N’empêche … Je refuse et je refuserai toujours de considérer que je n’ai pas voulu voir, ni entendre ni comprendre. Trop facile pour le corps médical !
Ceci étant dit, que faire de tout ça ? Que faire maintenant ? La souffrance est toujours là. Peut-être d’une intensité moindre. Au moins par moment.
Depuis « longtemps », j’ai l’impression d’être dans un ascenseur incontrôlé qui me fait passer d’une étape à l’autre. Si bien que je me libère puis je dégringole puis je vais mieux puis ça empire. Et je suis dans ce cercle infernal, cette spirale sans fin … Ce n’est pas linéaire du tout ! Et les contradictions sont telles par moment … Je ne remets pas en cause l’approche « Fauré ». C’est un bon cadre. Ça permet d’avancer. Mais j’ai l’impression qu’il y a plein de variantes. J’espère ! Sinon, ça voudrait dire que je n’ai quasi pas démarré le travail ! Alors que je me sens tellement usée.
Je constate qu’un an après, j’ai réussi à me fracturer une phalange, me fouler un genou et me faire une vilaine entorse à la cheville. Et je tousse … sans avoir ni rhume ni pharyngite ni bronchite … Si ca ne veut rien dire !!! J’ai gagné quelques certitudes, ou plutôt une conviction : je ne pourrai pas recommencer ; je ne pourrai jamais revivre ni la beauté de notre amour, ni les derniers jours, ni les dernières heures, ni rien corriger … Le lâcher-prise, que le psy a évoqué une seule fois, je ne sais toujours pas ce que c’est. J’ai essayé d’en trouver une définition pour pouvoir prendre cette voie.

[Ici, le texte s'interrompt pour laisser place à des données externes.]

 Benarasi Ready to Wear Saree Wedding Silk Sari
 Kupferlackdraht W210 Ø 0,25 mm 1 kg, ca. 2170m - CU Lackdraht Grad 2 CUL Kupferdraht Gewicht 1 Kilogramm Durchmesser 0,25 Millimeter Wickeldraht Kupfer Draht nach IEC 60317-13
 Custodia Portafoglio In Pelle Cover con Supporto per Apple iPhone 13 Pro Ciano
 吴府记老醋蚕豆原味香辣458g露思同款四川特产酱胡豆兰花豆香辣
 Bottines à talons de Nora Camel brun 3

Je crois qu’on l’emprunte tout de même sans le savoir. Alors peut-être qu’en écrivant « je ne pourrai jamais revivre (…) les derniers jours, ni les dernière heures, ni rien corriger », c’est une façon de lâcher-prise. Sinon, je pédale à l’envers … ce qui, sur certains vélos, sert juste à freiner … et donc à s’arrêter net.
Il est avec moi, l’Ange de ma vie. Il ne reviendra pas mais il est toujours là. Je lui chante toujours sa petite chanson, le soir, en me couchant. Parfois je fonds en larmes, parfois je suis juste heureuse d’avoir pu la lui chanter. J’ai parfois l’impression d’oublier le meilleur quand je cherche à me défaire du trop plein de douleur. Pourtant, même s’il faut que je me raccroche à une photo, une musique, un visage, …, il est bien en moi.

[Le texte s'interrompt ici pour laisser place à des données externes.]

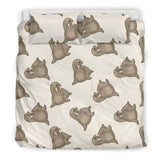 Sea Lion Pattern Bedding Set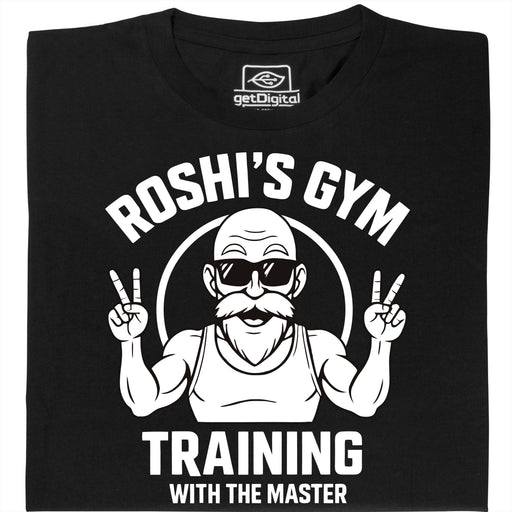 Training with the Master  - Hauptansicht T-Shirt Schwarz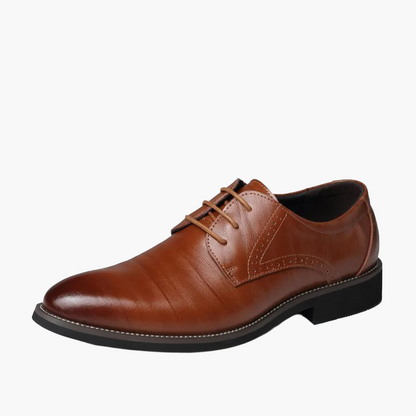 Men's Classic Oxford Dress Shoes for Formal and Business Wear
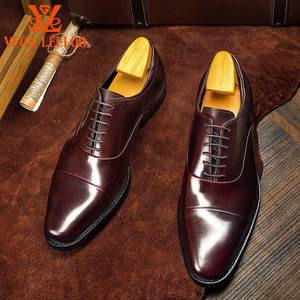 Alexbu — chaussures classiques pour hommes, chaussures Oxford, Design italien, couleur noire, pour le travail, pour <span class=keywords><strong>mariage</strong></span> - Product Image 4
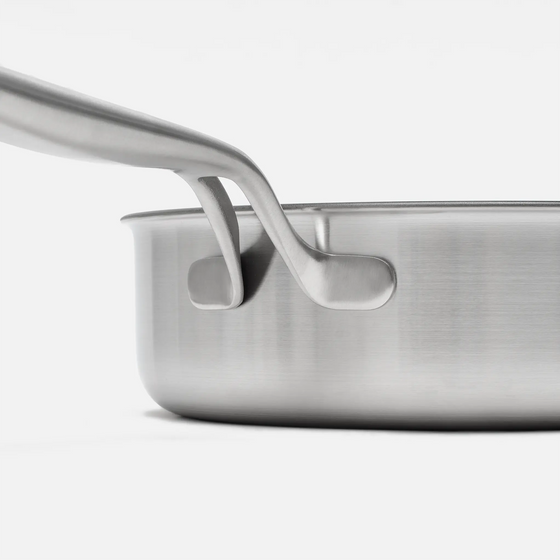 Hluboká pánev Lucca 4.0 Pro, ø 24 cm (2,5 l) - Nerezová beznýtová pánev z vícevrstvé nerezové oceli s poklicí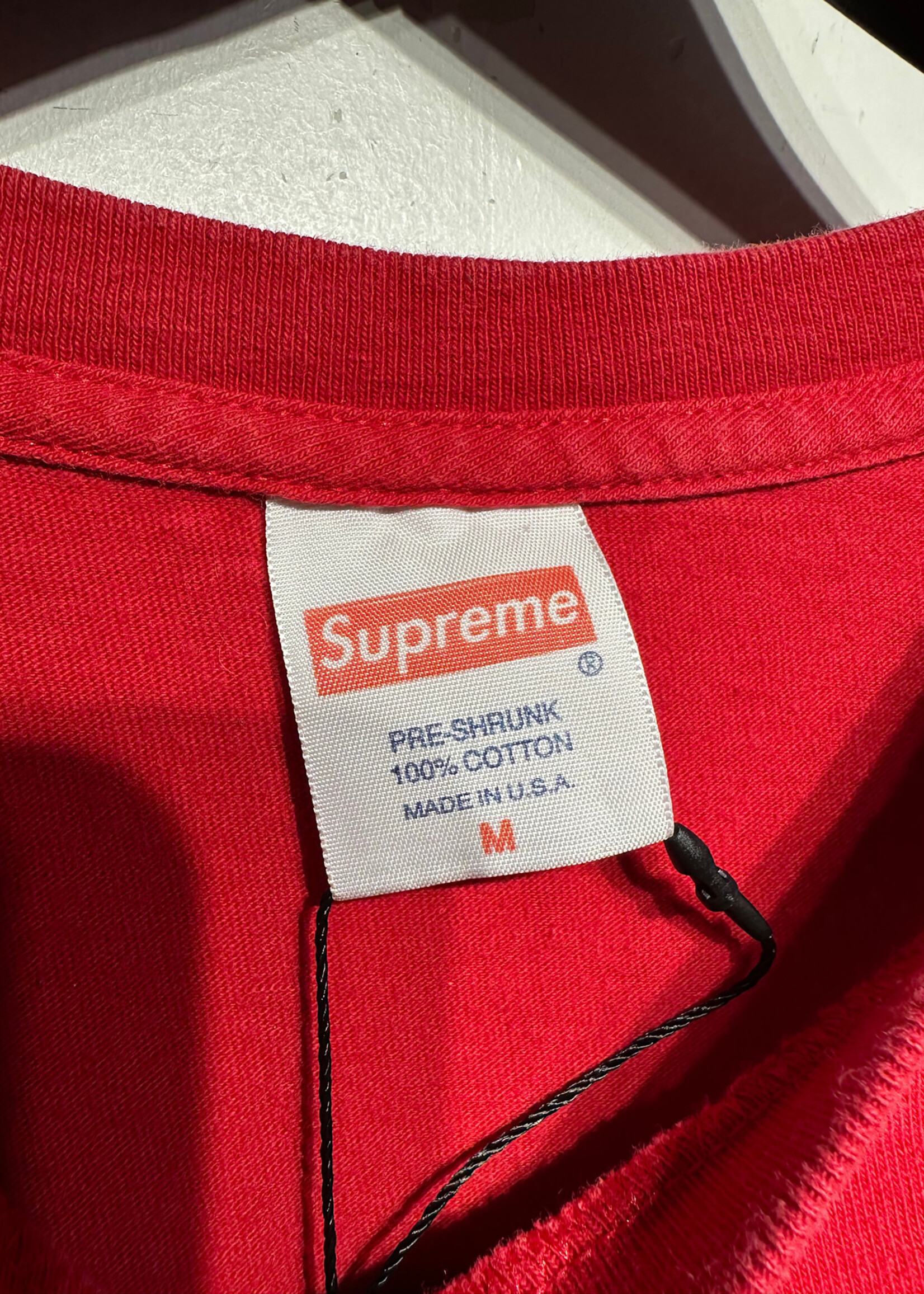 SUPREME RED MUHAMMAD ALI TEE M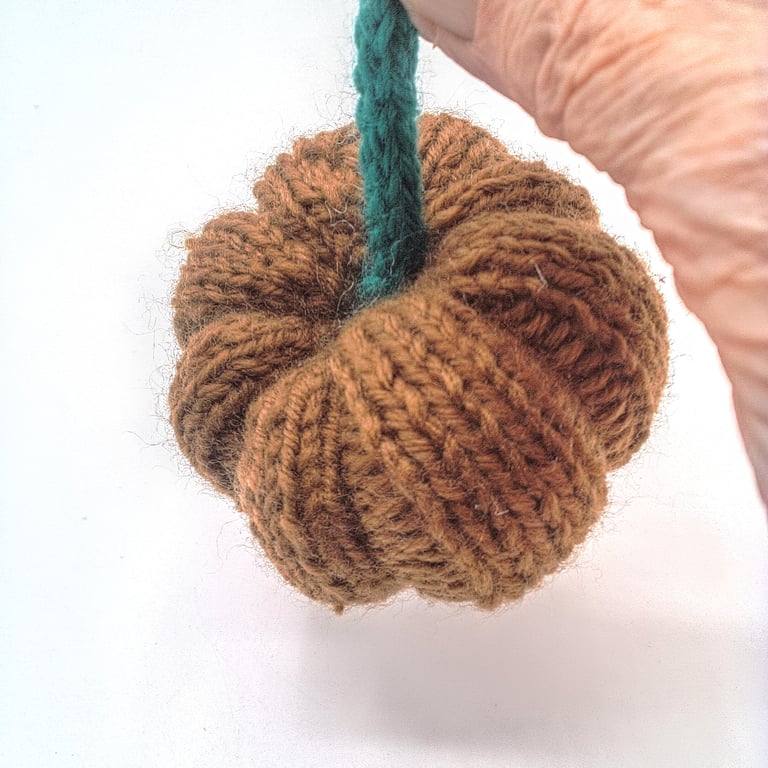 Medium Size Hand Knitted Pumpkins, Home Decorations, Colour Choice, Halloween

Le quotidien reste un combat. Ça aussi, c’est douloureux car en complet désaccord avec mon être, mes sentiments, mon moi profond. Le métronome de la vie qui passe, de ce quotidien, est inadapté à ma vie intérieure. Ça me donne l’impression d’être « en morceaux », d’être écartelée entre deux extrêmes. Douleur. Combat qui me semble perdu d’avance car je ne suis pas armée. Je suis même complètement désarmée. J’ai des sursauts d’énergie. Tout de même. Je pense à Jean-Louis qui m’avait dit : « Tu crois que la vie est pas un long fleuve tranquille ! Mais non. Il faut te battre. Toujours ». Il avait raison.

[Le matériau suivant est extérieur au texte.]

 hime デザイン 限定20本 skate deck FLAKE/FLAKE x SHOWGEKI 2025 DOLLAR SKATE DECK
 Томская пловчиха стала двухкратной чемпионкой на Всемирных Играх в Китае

Alors je n’ai plus qu’à mener ce combat du quotidien. Je ne parviens pas à penser à demain. Quand, à l’approche de la date « anniversaire » du décès de Jean-Louis, l’une de mes belles-filles m’a dit : que vas-tu faire à Noël ? Tu vas chez tes parents ? Je me suis trouvée sans voix, arrêt total de mes neurones ! Alors inutile d’y penser. L’an dernier, pour Noël, j’ai acheté un sapin. J’ai fait l’aller-retour en voiture (1200 km dans la journée) jusqu’à sa tombe pour l’y déposer. Rien d’autre.